Pierre Dubois was a lawyer and polemicist from Coutances in Normandy, who wrote a string of political tracts in the early fourteenth century. His major work, De recuperatione Terre Sancte, written between 1305-1307, was a plan for the recovery of the Holy Land.
It is, essentially, a plan for French world domination.
The first part of the text is dedicated to Edward I of England, because he was the only Christian king of the time with direct crusading experience. However, Dubois was really using Edward as an example to provoke his own king, Philip the Fair, into summoning a new crusade.
This crusade, if it had ever taken place, would have been on a colossal scale. Dubois suggested that Philip should first re-conquer the Roman empire, and install his brother Charles of Valois as the new Latin emperor at Constantinople.
Next, Philip would organise the mass migration of the people of Western Europe into the Holy Land. This would be done via the French conquest of northern Italy and Hungary, so the passage of millions of people could proceed smoothly. The French, the English and the Italians would travel by sea, the Germans, Hungarians and Greeks by land.

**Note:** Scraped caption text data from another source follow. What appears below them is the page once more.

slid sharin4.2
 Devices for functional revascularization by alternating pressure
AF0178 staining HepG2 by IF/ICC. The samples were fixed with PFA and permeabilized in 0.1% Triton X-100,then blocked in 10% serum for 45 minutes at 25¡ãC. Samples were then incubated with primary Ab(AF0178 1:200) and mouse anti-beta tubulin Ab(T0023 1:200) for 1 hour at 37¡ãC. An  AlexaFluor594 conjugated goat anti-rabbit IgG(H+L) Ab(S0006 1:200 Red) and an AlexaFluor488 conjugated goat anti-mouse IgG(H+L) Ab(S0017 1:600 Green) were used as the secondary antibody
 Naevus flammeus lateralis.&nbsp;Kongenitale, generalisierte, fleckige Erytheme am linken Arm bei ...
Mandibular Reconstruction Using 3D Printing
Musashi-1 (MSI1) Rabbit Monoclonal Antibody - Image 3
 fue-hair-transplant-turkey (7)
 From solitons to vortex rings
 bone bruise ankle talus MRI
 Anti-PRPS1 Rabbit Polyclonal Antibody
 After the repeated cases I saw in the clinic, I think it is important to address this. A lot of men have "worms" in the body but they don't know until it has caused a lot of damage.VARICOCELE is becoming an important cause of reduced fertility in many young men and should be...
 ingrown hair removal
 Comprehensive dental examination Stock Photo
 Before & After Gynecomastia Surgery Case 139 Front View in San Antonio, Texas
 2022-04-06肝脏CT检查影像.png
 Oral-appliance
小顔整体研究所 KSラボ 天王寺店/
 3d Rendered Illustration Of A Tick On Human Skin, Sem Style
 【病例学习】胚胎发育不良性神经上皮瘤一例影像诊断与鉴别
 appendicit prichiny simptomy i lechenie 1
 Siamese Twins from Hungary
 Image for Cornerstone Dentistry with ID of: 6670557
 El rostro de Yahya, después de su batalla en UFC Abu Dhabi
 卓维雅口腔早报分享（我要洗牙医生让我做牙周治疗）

Men and women from all walks of life would be forced to join this grand crusade or 'passagium'. Every female would be instructed in Latin grammar, natural science, surgery and medicine, so they could work as missionary theologians in the Holy Land. Women were the chief instrument of conquest: they would all be required to learn Arabic, marry the conquered Saracens and breed a new race of Christian super-crusaders, who would colonise the Holy Land and keep it forever.
All of this sounds like an insane fantasy, and so it was. Yet Dubois was not some random eccentric, spouting nonsense on street corners. He was a distinguished attorney at law and a respected and prominent figure at the French court. While his plan for the Holy Land was unworkable, it is an example of the ideology of Capetian France, driven by Philip's university-trained legists. What this amounted to was expand and conquer in all directions.